About this task —
Copying nothing before it, reproduce the line that holds "Chi hội trưởng" and every line after it in the data, exactly.

Stored data —
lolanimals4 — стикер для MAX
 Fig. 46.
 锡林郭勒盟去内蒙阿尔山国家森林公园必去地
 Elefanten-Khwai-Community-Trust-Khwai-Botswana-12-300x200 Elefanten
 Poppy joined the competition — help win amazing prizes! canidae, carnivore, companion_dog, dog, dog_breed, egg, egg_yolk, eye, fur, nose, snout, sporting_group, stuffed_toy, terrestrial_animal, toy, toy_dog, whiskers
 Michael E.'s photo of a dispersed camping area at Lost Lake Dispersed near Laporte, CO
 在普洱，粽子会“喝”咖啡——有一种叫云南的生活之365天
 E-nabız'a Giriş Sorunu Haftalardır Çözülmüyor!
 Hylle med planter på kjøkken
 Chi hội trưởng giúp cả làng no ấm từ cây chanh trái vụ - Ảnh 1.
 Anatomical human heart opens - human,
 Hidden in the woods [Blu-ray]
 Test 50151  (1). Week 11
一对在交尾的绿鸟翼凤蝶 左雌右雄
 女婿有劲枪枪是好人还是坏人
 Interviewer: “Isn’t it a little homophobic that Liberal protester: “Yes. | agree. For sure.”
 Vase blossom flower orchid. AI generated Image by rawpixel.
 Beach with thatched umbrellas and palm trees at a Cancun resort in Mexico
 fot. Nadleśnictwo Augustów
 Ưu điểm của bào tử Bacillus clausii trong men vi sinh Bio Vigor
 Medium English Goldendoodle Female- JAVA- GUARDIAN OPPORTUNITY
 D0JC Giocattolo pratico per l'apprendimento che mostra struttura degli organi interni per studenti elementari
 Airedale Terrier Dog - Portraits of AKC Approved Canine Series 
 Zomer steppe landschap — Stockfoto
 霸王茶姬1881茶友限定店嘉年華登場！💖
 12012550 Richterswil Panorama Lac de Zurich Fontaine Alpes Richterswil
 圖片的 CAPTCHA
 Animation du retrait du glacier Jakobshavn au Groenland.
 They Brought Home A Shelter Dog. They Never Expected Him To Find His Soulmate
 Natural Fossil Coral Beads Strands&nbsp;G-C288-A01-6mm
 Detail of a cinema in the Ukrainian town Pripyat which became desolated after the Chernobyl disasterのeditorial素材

Answer for this exercise —
 Chi hội trưởng giúp cả làng no ấm từ cây chanh trái vụ - Ảnh 1.
 Anatomical human heart opens - human,
 Hidden in the woods [Blu-ray]
 Test 50151  (1). Week 11
一对在交尾的绿鸟翼凤蝶 左雌右雄
 女婿有劲枪枪是好人还是坏人
 Interviewer: “Isn’t it a little homophobic that Liberal protester: “Yes. | agree. For sure.”
 Vase blossom flower orchid. AI generated Image by rawpixel.
 Beach with thatched umbrellas and palm trees at a Cancun resort in Mexico
 fot. Nadleśnictwo Augustów
 Ưu điểm của bào tử Bacillus clausii trong men vi sinh Bio Vigor
 Medium English Goldendoodle Female- JAVA- GUARDIAN OPPORTUNITY
 D0JC Giocattolo pratico per l'apprendimento che mostra struttura degli organi interni per studenti elementari
 Airedale Terrier Dog - Portraits of AKC Approved Canine Series 
 Zomer steppe landschap — Stockfoto
 霸王茶姬1881茶友限定店嘉年華登場！💖
 12012550 Richterswil Panorama Lac de Zurich Fontaine Alpes Richterswil
 圖片的 CAPTCHA
 Animation du retrait du glacier Jakobshavn au Groenland.
 They Brought Home A Shelter Dog. They Never Expected Him To Find His Soulmate
 Natural Fossil Coral Beads Strands&nbsp;G-C288-A01-6mm
 Detail of a cinema in the Ukrainian town Pripyat which became desolated after the Chernobyl disasterのeditorial素材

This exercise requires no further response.